The following document is an excellent resource.

Occasions for Thesis/Support Essays (excerpt)

The basic thesis/support pattern promotes clear, systematic thinking on a single subject and can therefore be helpful whenever you want to set forth ideas and facts in an efficient, orderly way.

Thesis/support essays convey a central idea clearly and succinctly. Because thesis/support essays open up and expand upon a single main point, they're suited to short reports, position papers, and critical analyses. Because they can, with practice, be written quickly, they're also handy for essay exams and letters of application or recommendation. As you become familiar with them, you'll no doubt see other uses.

You may notice that the form presented here channels your thinking and writing into a single direction. This channeling effect is both a limitation and a strength of thesis/support essays. It's a limitation because it prevents you from ranging widely over a field of interest, as in an informal essay. The channeling effect is a strength because you won't wander from your subject, and because your main idea will always be supported by well-organized details.
The basic thesis/support pattern promotes clear, systematic thinking on a single subject and can therefore be helpful whenever you want to set forth ideas and facts in an efficient, orderly way.

From Subject to Thesis
. . . the subject itself is only a starting point, which won't make or break your paper.
Often your subject will be determined by your teacher, your employer, or the writing context itself. Other times you may be free to choose your own subject. Either way, the subject itself is only a starting point, which won't make or break your paper. Many unreadable papers have been written on exciting and important subjects, and many valuable papers have been done on subjects that at first glance look dull and insignificant. Whether you're given a subject or choose your own, whether you like your subject or not, your job is to turn that subject into a solid, well-organized paper, and the following process can help. How you handle your subject counts most.

Think of your subject as pointing you in a direction, providing boundaries you should stay within, telling you in a general way where you're going, and at the same time where you're not going. If your subject is California, you may or may not get to San Francisco, but you definitely won't get to the Statue of Liberty. Similarly, if you're asked to write a report on the waste treatment facilities at your workplace, you've been given a subject that points you in one direction of thinking and eliminates others--customer relations, employee pension plans--from consideration for the time being. They're outside the boundaries of your subject and are therefore irrelevant. Such focusing of attention is vital, to provide a more definite sense of direction and purpose than the broad subject can offer.
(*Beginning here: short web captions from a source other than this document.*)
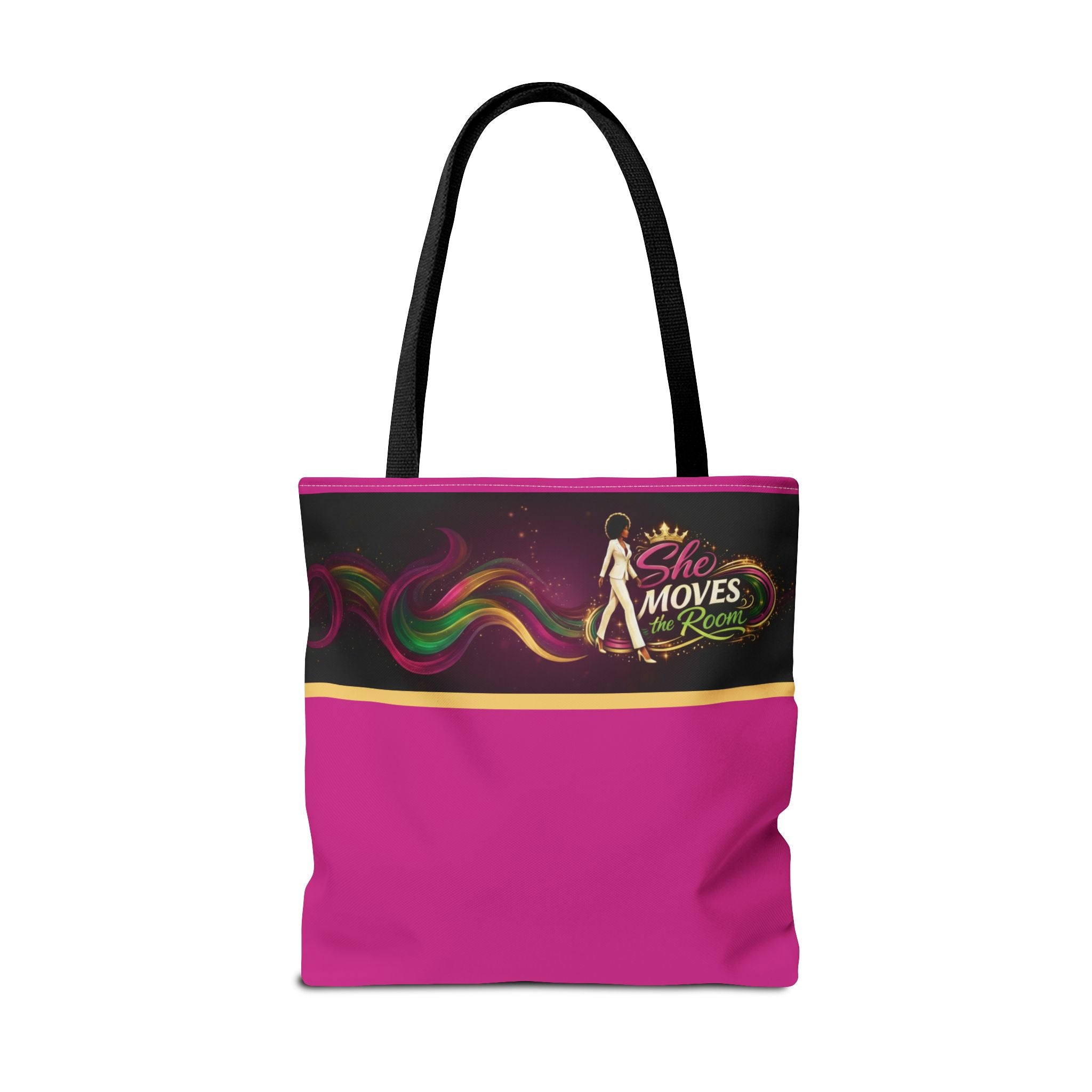 She Moves the Room Tote Bag | Afro Disco Woman Graphic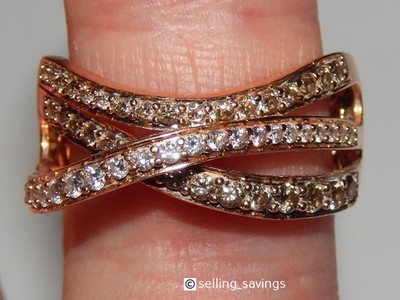 14K ROSE GOLD LEVIAN WHITE & CHOCOLATE DIAMOND CROSSOVER RING SIZE 7.25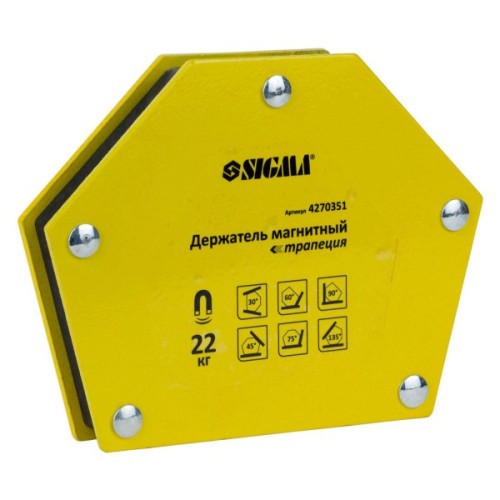 Магніт для зварювання Sigma трапеція 22кг 90x54x54x43мм (30,45,60,75,90,135 °) (4270351)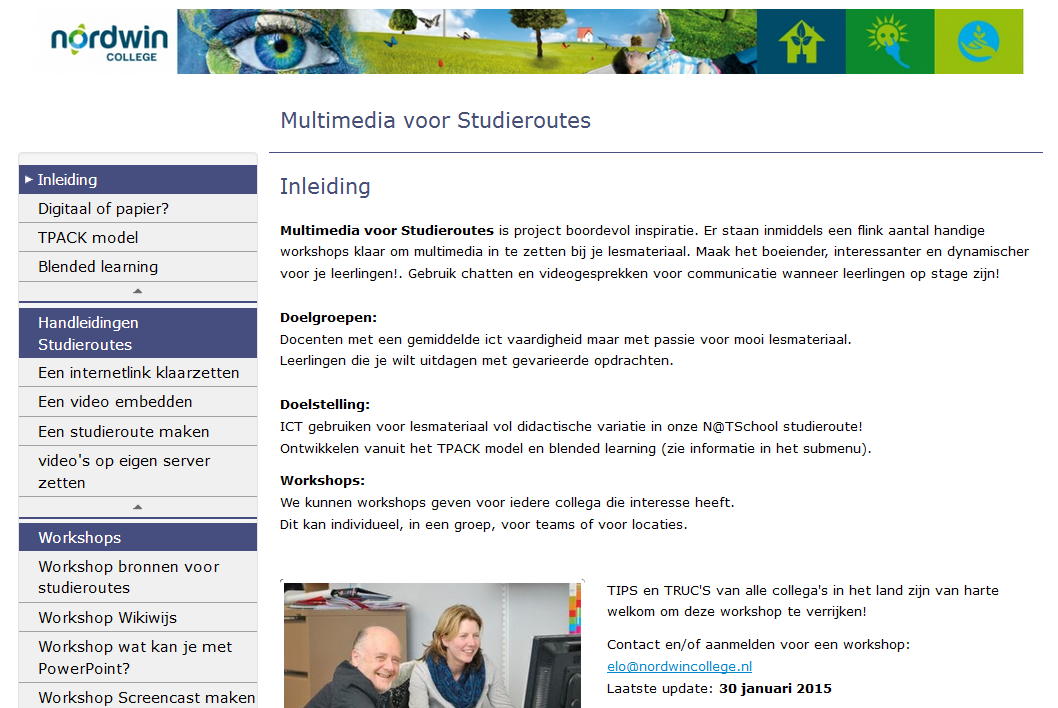 Activiteiten Nordwin College Arrangementen multimedia in studieroutes voor inspiratie, ondersteuning,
Doing that, narrowing your subject's boundaries, often makes the difference between a strikingly effective paper and a bland, ineffective one. Look for ways to restrict the territory you'll be covering. Limit your broad subject to a smaller and more manageable topic.

A topic, as we're using the term here, is an area much like a subject but more definite, more specific. Usually the topic will be some particular aspect of the subject that you're most interested in or know the most about, the part your knowledge, experience, and interests make you feel closest to. The subject of California, for instance, might be narrowed to the topic of San Francisco or Monterey.

The topic of San Francisco might then be narrowed even further to the San Francisco earthquake of 1895.

Each narrowing tightens your focus and increases the chance for a unified, coherent essay.

Activity
7.1 Write freely for ten or fifteen minutes. Stick with one general subject, but allow yourself to wander freely within those limits. Jot down whatever you already know about the subject or what you'd like to know. Write out your immediate personal reactions to the subject, your thoughts and feelings. Don't write what you think you're expected to feel, but what you do feel.
Try to establish an authentic personal relationship to the subject. Try to get at whatever you find exciting, troubling, offensive, or useful.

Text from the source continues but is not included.